My first racial episode with over-policing occurred only two weeks after I purchased my first car: a $1500 yellow, convertible Triumph Spit Fire. I had been living in America for a year; my brother had been in the States for under a month. It was about nine p.m., and we were on our way to a friend's house.

Our trip was interrupted by the blare of a siren. We were in Inglewood, a predominantly black neighborhood south of Los Angeles; a police car had signaled us to pull over. One officer approached my window; the other stationed himself beside the passenger door. He directed his flashlight into the interior of the car, locating its beam, alternatively, on our faces. The characters: two black boys. The racial stage was set.

"Anything wrong, officers?" I asked, attempting to discern the face behind the flashlight. Neither officer responded. Against my racial script, I inquired again as to whether we had done anything wrong. Again, no response. Instead, one of the officers instructed, "Step outside the car with your hands on your heads." Effectively rehearsing our blackness, we did as he asked. He then told us to sit on the side of the curb. Grudgingly, we complied. Though we were both learning our parts, the racial theater was well underway.

As we sat on the pavement, "racially exposed," our backs to the officers, our feet in the road, I asked a third time whether we had done anything wrong. One officer responded, rather curtly, that I should "shut up and not make any trouble." Perhaps foolishly, I insisted on knowing why we were being stopped. "We have a right to know, don't we? We're not criminals, after all."
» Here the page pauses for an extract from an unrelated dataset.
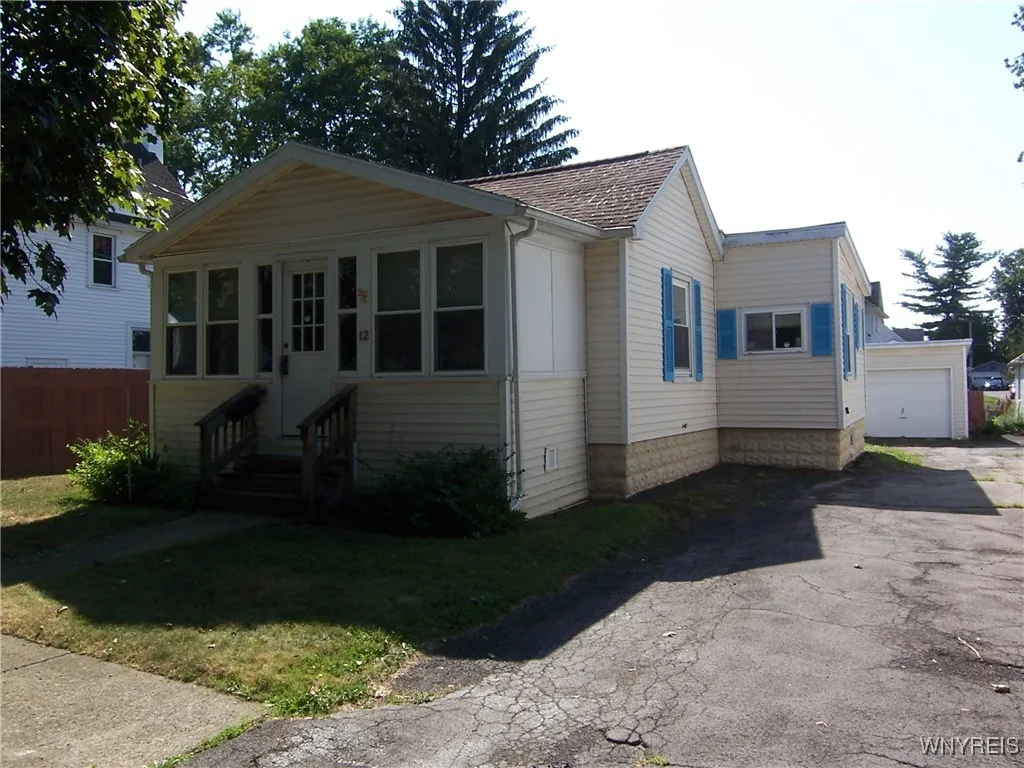 12 Linwood Avenue, Batavia City, New York 14020, Batavia City, New York 14020, 1 Bedroom Bedrooms, 4 Rooms Rooms,1 BathroomBathrooms,Residential,Closed,12 Linwood Avenue, Batavia City, New York 14020,0,B1626460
Today I might have acted differently, less defiantly. But my strange career with race, at least in America, had only just begun. In other words, I had not yet lived in America long enough to learn the ways of the police, the racial conventions of black and white police encounters, the so- called rules of the game: "Don't move. Don't turn around. Don't give some rookie an excuse to shoot you." No one had explained to me that "if you get pulled over by the police "[n]ever get into a verbal confrontation . . . Never! Comply with the officer. If it means getting down on the ground, then get down on the ground. Comply with whatever the officer is asking you to do." It had not occurred to me that my encounter with these officers was potentially life threatening. This was one of my many racial blind spots. Eventually, I would develop my second sight.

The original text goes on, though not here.